Do I think that a narrator who drinks herself numb and talks to the camera Fleabag-style; comments like “It is said if you’re a five in London, you’re a ten in Bath” (as if Bath is the equivalent of 21st-century Los Angeles); and “colorblind” casting (don’t get me started) are all things that Jane Austen would watch and say: Yes! This is a marvelous representation of my heroine and the social commentary I put on the page!
No, of course not.
But I still find the 2022 version delightful. It’s a melodrama, a version of the story dialed up on all the most mundane things.
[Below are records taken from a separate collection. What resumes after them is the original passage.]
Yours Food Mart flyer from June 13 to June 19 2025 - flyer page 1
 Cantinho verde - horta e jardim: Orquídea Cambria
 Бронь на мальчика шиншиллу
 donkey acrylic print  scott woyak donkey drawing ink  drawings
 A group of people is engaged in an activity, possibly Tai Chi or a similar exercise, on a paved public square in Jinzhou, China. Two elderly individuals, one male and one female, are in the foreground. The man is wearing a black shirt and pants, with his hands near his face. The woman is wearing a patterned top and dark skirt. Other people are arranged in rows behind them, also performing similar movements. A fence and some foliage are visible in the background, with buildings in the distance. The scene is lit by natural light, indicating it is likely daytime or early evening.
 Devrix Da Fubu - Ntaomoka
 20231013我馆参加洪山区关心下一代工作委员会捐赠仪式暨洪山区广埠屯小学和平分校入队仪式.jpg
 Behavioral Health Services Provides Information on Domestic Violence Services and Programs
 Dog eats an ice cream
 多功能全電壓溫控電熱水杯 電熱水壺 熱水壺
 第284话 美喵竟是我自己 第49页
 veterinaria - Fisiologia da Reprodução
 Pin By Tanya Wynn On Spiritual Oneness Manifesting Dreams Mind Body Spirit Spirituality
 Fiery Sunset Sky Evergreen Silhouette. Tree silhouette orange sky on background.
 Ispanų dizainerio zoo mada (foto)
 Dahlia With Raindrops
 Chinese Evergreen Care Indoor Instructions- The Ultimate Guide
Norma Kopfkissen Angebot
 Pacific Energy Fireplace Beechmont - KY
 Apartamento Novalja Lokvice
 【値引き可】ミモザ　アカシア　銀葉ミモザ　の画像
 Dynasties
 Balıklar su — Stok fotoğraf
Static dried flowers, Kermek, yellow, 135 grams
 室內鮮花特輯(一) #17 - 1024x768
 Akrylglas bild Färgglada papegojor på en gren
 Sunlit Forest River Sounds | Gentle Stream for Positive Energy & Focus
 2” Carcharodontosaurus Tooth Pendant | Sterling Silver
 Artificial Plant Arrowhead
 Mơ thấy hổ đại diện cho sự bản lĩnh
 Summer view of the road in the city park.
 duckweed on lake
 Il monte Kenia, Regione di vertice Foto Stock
The longing is tempered by irony; the wretchedness overcompensated for with shorthand for a “pick me girl.” Nonetheless, it manages to work in such lovely moments, and it’s quite a beautiful experience, too. (The muzh and I joked about the citizens of Lyme and historical Bath looking out their window, seeing a camera crew and going: “Great. Another Jane Austen adaptation.”)
I say this as someone who lists the Sally Hawkins Persuasion (2007) – which handled the problem of an Austen narrator by having her write in a diary, with occasional coy glances at the camera – among my favorite films:
Period films do not need to accurately represent the period they’re depicting.
Part II: Adaptation vs. Interpretation
Most period films are adaptations, and every adaptation is an interpretation.
Any movie/TV show/stage play based on written material needs to change aspects of the story to adjust to the medium. (Unless we’re talking about a BBC production where they’re literally reciting the dialogue from the book. Or Taffy Brodesser-Akner adapting her own book for Hulu.)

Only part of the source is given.